Feminista e contra o aborto?

por Lia Bock

Um texto pró-vida argumenta que é possível ser feminista e ainda assim contra a descriminalização do aborto. Demagogia pura.

Uma “escritora, futura mãe e ex-missionária” norte-americana publicou o polêmico texto "Why I’m a pro-life feminist" [Porque sou uma feminista pró-vida]. Pois é, Claire Swinarski se diz feminista e pró-vida (leia-se “contra o aborto”). A mim parece que ela e sua turma estão tentando derrubar a última fronteira do feminismo – que hoje sabemos ter muitas caras, muitas correntes –, o direito da mulher sobre o próprio corpo. Correu uma lágrima de tristeza. Claire usa argumentos que podem seduzir os mais desatentos. Diz ser a favor de direitos e salários iguais, por exemplo, e martela que, sim, é possível ser feminista e ser contra o aborto. Será?

Nada contra as mulheres que jamais fariam um aborto. Cada uma sabe de si. Mas tudo contra deixar na mão do Estado uma decisão que deve ser tomada individualmente. Então, Claire, se você não quer fazer um aborto, não faça. Se quer gastar sua lábia convencendo mulheres fragilizadas e em dúvida de que elas não devem abortar, vá em frente. Mas por favor, não venha me dizer que é normal um bando de religiosos imporem seus credos aos demais. Normal é cada um ter autonomia sobre o próprio corpo e a garantia do Estado de que poderão seguir suas decisões com segurança.

Claire escreve em seu texto: “Ser pró-vida não significa necessariamente que você é atrasado, cheio de ódio ou ignorante. Não significa nem mesmo que você é religioso. Eu comecei a abraçar a ideia de que ser pró-vida é ser pró-mulher.” Parece até bonito num primeiro momento. Mas o que ela e seus colegas ignoram é que 47 mil mulheres morrem por ano no mundo devido a complicações causadas por abortos inseguros (dado da World Health Organization – agência que pertence à ONU).
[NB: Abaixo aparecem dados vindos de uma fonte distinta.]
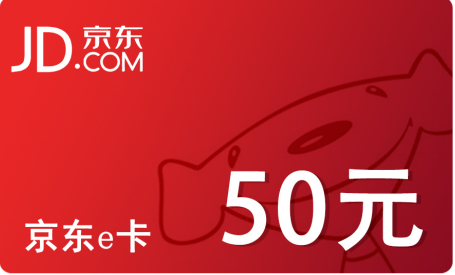 1505528206879855.png 1505528206879855.png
Ou seja, ser pró-vida hoje é ser cúmplice dessas mortes. E lembremos que não é raro escutar essa turma dizer “abortou, tem mais é que morrer”.

Como ignorar esses dados? Um dos argumentos de Claire pede que cuidemos das mulheres em situação de fragilidade: “Precisamos compreender por que tantas mulheres afro-descendentes se encontram em situações em que a escassez de recursos as impede de sustentar uma gravidez e potencial adoção ou maternidade. Ao invés de dar de ombros e deixar o aborto ser a solução, a sociedade deveria procurar maneiras de atacar essas estruturas [de desigualdade] em sua base”. Mas o que ela faz com essas palavras é demagogia pura, e só perpetua a marginalização das 21,6 milhões de mulheres que procuram clínicas clandestinas para fazer aborto todo ano.

Claire, minha cara, nada contra suas crenças ou sua cruzada pessoal, mas descriminalizar o aborto é, sim, cuidar dessas mulheres. É dar ouvido, segurança e direito de escolha para elas. E não, nem sempre as pessoas recorrem ao aborto por falta de opção, muitas vezes essa é uma decisão consciente. Por favor, respeite-a.